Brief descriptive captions
--- --- ---
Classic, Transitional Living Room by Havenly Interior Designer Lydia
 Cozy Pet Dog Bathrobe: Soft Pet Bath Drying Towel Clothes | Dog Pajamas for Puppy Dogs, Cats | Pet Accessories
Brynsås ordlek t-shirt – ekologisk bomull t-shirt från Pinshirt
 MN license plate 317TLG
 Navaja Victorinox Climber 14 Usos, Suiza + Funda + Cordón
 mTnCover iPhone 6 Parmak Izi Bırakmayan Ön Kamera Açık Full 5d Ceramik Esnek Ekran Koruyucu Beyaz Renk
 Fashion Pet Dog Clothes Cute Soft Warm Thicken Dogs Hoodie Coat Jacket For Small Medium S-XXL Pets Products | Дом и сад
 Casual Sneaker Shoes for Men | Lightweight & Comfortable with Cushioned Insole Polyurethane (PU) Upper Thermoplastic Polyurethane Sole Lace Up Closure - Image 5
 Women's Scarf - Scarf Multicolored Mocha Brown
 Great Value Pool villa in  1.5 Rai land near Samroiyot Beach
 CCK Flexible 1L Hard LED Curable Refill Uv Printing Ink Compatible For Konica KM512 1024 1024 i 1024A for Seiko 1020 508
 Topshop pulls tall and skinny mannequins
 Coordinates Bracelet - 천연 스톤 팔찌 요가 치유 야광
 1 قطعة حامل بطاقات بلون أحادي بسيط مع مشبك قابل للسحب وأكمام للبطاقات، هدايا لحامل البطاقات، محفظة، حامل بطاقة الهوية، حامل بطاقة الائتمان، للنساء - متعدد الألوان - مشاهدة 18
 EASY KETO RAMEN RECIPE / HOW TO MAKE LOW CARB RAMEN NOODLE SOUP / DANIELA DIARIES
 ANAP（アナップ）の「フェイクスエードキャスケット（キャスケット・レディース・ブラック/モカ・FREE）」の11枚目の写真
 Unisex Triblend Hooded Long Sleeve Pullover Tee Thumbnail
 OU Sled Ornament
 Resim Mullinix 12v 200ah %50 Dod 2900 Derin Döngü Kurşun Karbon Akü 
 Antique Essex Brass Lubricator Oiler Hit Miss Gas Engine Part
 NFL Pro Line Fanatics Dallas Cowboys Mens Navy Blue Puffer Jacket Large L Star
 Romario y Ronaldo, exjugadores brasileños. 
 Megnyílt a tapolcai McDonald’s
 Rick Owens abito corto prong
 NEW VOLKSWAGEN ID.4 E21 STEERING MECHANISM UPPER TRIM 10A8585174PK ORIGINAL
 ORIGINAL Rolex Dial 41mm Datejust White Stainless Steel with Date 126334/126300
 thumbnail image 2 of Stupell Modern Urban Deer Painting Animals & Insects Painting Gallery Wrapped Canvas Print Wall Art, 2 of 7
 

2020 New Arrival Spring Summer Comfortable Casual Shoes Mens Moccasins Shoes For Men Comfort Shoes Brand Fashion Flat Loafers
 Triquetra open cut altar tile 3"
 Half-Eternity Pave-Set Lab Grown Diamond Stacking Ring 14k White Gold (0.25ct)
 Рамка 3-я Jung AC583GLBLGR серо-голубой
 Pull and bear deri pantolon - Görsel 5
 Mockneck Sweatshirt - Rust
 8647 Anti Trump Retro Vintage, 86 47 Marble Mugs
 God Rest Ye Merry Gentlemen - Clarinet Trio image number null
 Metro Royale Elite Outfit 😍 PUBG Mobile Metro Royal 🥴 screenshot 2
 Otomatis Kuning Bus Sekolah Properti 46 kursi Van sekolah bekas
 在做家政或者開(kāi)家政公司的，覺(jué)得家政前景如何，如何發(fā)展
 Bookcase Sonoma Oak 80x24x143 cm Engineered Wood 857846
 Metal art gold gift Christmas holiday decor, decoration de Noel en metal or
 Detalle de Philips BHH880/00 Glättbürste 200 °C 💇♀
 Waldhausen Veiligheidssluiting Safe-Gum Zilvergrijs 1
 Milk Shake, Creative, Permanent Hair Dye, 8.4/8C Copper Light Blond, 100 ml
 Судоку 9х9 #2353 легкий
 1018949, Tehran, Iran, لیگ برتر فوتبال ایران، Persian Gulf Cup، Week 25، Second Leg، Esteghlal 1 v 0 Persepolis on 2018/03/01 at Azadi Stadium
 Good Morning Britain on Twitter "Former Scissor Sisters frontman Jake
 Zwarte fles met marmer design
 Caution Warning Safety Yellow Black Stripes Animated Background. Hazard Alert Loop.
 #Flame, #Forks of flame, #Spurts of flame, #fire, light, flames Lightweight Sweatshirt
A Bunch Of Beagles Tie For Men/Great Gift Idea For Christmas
--- --- ---
Requirement ▸
Your answer should be the data above, retyped in full and unaltered.

Completed exercise ▸
Classic, Transitional Living Room by Havenly Interior Designer Lydia
 Cozy Pet Dog Bathrobe: Soft Pet Bath Drying Towel Clothes | Dog Pajamas for Puppy Dogs, Cats | Pet Accessories
Brynsås ordlek t-shirt – ekologisk bomull t-shirt från Pinshirt
 MN license plate 317TLG
 Navaja Victorinox Climber 14 Usos, Suiza + Funda + Cordón
 mTnCover iPhone 6 Parmak Izi Bırakmayan Ön Kamera Açık Full 5d Ceramik Esnek Ekran Koruyucu Beyaz Renk
 Fashion Pet Dog Clothes Cute Soft Warm Thicken Dogs Hoodie Coat Jacket For Small Medium S-XXL Pets Products | Дом и сад
 Casual Sneaker Shoes for Men | Lightweight & Comfortable with Cushioned Insole Polyurethane (PU) Upper Thermoplastic Polyurethane Sole Lace Up Closure - Image 5
 Women's Scarf - Scarf Multicolored Mocha Brown
 Great Value Pool villa in  1.5 Rai land near Samroiyot Beach
 CCK Flexible 1L Hard LED Curable Refill Uv Printing Ink Compatible For Konica KM512 1024 1024 i 1024A for Seiko 1020 508
 Topshop pulls tall and skinny mannequins
 Coordinates Bracelet - 천연 스톤 팔찌 요가 치유 야광
 1 قطعة حامل بطاقات بلون أحادي بسيط مع مشبك قابل للسحب وأكمام للبطاقات، هدايا لحامل البطاقات، محفظة، حامل بطاقة الهوية، حامل بطاقة الائتمان، للنساء - متعدد الألوان - مشاهدة 18
 EASY KETO RAMEN RECIPE / HOW TO MAKE LOW CARB RAMEN NOODLE SOUP / DANIELA DIARIES
 ANAP（アナップ）の「フェイクスエードキャスケット（キャスケット・レディース・ブラック/モカ・FREE）」の11枚目の写真
 Unisex Triblend Hooded Long Sleeve Pullover Tee Thumbnail
 OU Sled Ornament
 Resim Mullinix 12v 200ah %50 Dod 2900 Derin Döngü Kurşun Karbon Akü 
 Antique Essex Brass Lubricator Oiler Hit Miss Gas Engine Part
 NFL Pro Line Fanatics Dallas Cowboys Mens Navy Blue Puffer Jacket Large L Star
 Romario y Ronaldo, exjugadores brasileños. 
 Megnyílt a tapolcai McDonald’s
 Rick Owens abito corto prong
 NEW VOLKSWAGEN ID.4 E21 STEERING MECHANISM UPPER TRIM 10A8585174PK ORIGINAL
 ORIGINAL Rolex Dial 41mm Datejust White Stainless Steel with Date 126334/126300
 thumbnail image 2 of Stupell Modern Urban Deer Painting Animals & Insects Painting Gallery Wrapped Canvas Print Wall Art, 2 of 7
 

2020 New Arrival Spring Summer Comfortable Casual Shoes Mens Moccasins Shoes For Men Comfort Shoes Brand Fashion Flat Loafers
 Triquetra open cut altar tile 3"
 Half-Eternity Pave-Set Lab Grown Diamond Stacking Ring 14k White Gold (0.25ct)
 Рамка 3-я Jung AC583GLBLGR серо-голубой
 Pull and bear deri pantolon - Görsel 5
 Mockneck Sweatshirt - Rust
 8647 Anti Trump Retro Vintage, 86 47 Marble Mugs
 God Rest Ye Merry Gentlemen - Clarinet Trio image number null
 Metro Royale Elite Outfit 😍 PUBG Mobile Metro Royal 🥴 screenshot 2
 Otomatis Kuning Bus Sekolah Properti 46 kursi Van sekolah bekas
 在做家政或者開(kāi)家政公司的，覺(jué)得家政前景如何，如何發(fā)展
 Bookcase Sonoma Oak 80x24x143 cm Engineered Wood 857846
 Metal art gold gift Christmas holiday decor, decoration de Noel en metal or
 Detalle de Philips BHH880/00 Glättbürste 200 °C 💇♀
 Waldhausen Veiligheidssluiting Safe-Gum Zilvergrijs 1
 Milk Shake, Creative, Permanent Hair Dye, 8.4/8C Copper Light Blond, 100 ml
 Судоку 9х9 #2353 легкий
 1018949, Tehran, Iran, لیگ برتر فوتبال ایران، Persian Gulf Cup، Week 25، Second Leg، Esteghlal 1 v 0 Persepolis on 2018/03/01 at Azadi Stadium
 Good Morning Britain on Twitter "Former Scissor Sisters frontman Jake
 Zwarte fles met marmer design
 Caution Warning Safety Yellow Black Stripes Animated Background. Hazard Alert Loop.
 #Flame, #Forks of flame, #Spurts of flame, #fire, light, flames Lightweight Sweatshirt
A Bunch Of Beagles Tie For Men/Great Gift Idea For Christmas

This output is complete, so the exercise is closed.